Below are lines of records; copy exactly those from the one containing "LEPAS PISAH PERANGKAT DESA PURNA TUGAS" through the one containing "Jeans relajado para mujer 6", leaving the pictures behind.
___ Extracted data ___
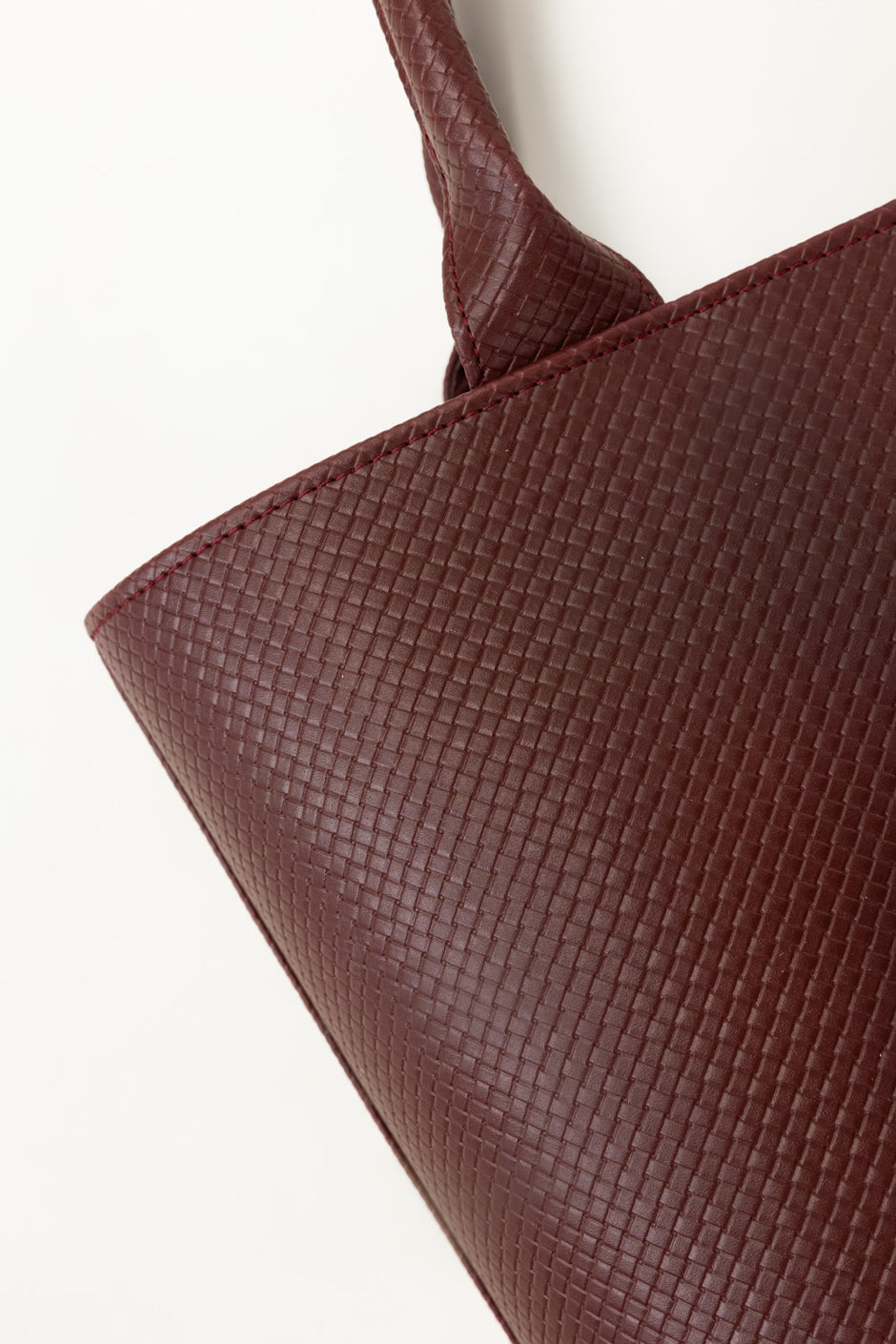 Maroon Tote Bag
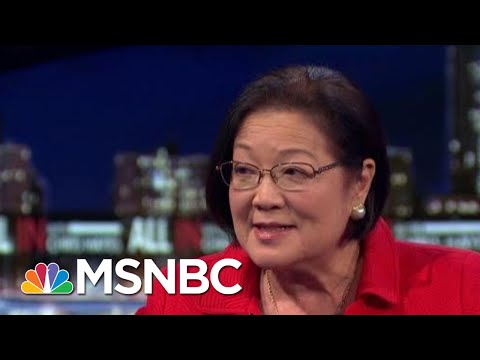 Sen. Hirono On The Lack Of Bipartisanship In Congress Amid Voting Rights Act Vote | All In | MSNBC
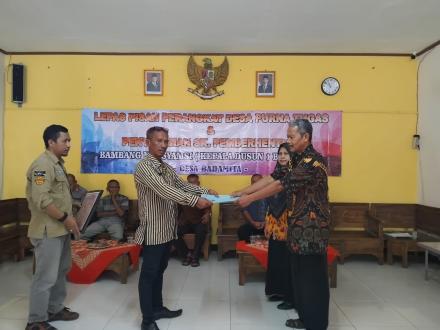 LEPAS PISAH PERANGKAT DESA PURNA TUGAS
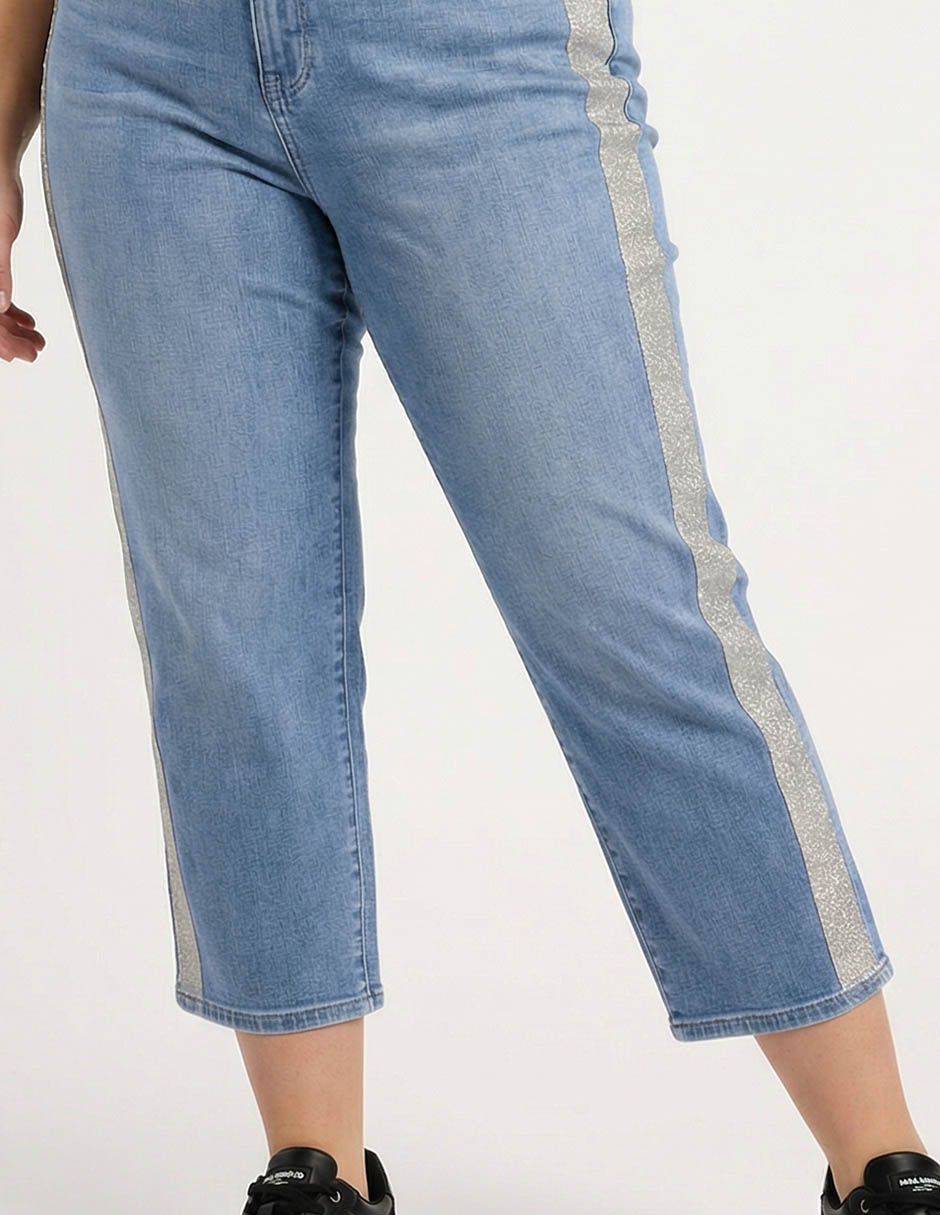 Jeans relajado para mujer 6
___
___ Extracted data ___
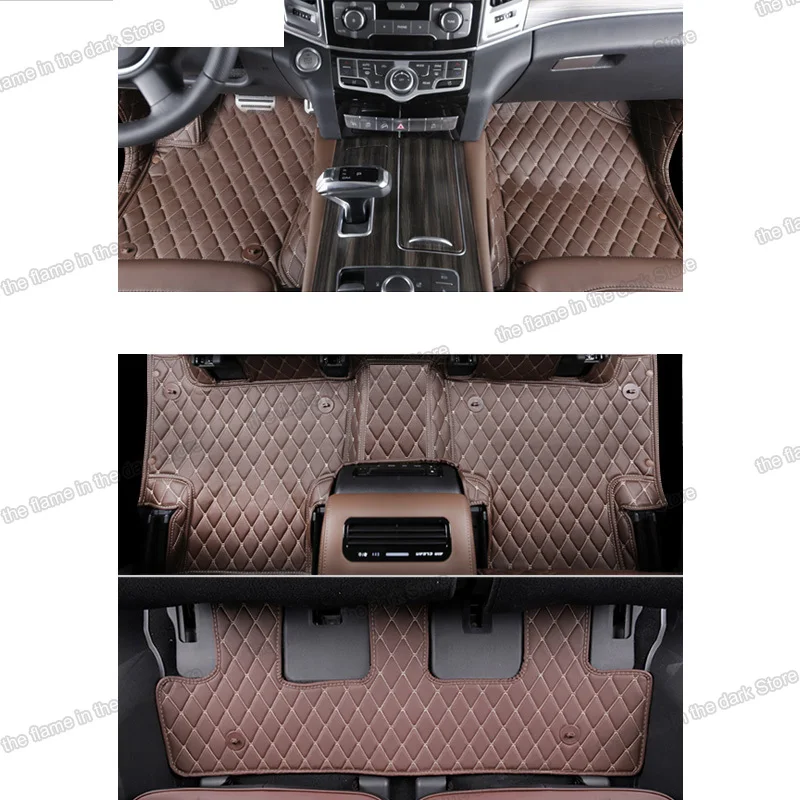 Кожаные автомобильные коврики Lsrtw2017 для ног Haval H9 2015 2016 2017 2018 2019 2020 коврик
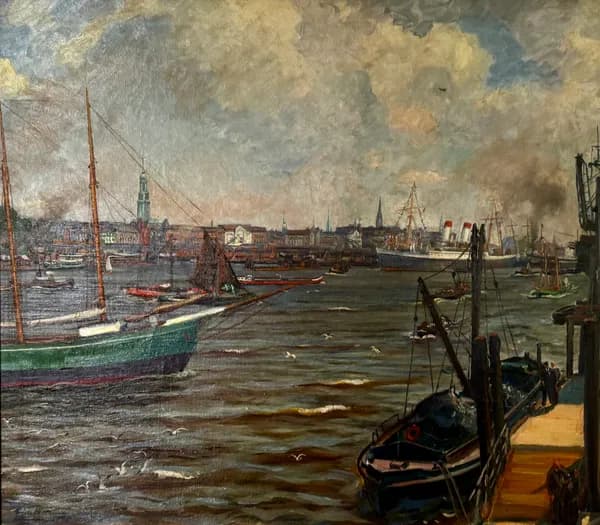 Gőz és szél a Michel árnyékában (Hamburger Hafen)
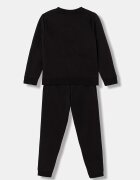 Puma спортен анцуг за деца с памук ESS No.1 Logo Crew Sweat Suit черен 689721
___
- Response below -
 LEPAS PISAH PERANGKAT DESA PURNA TUGAS
 Jeans relajado para mujer 6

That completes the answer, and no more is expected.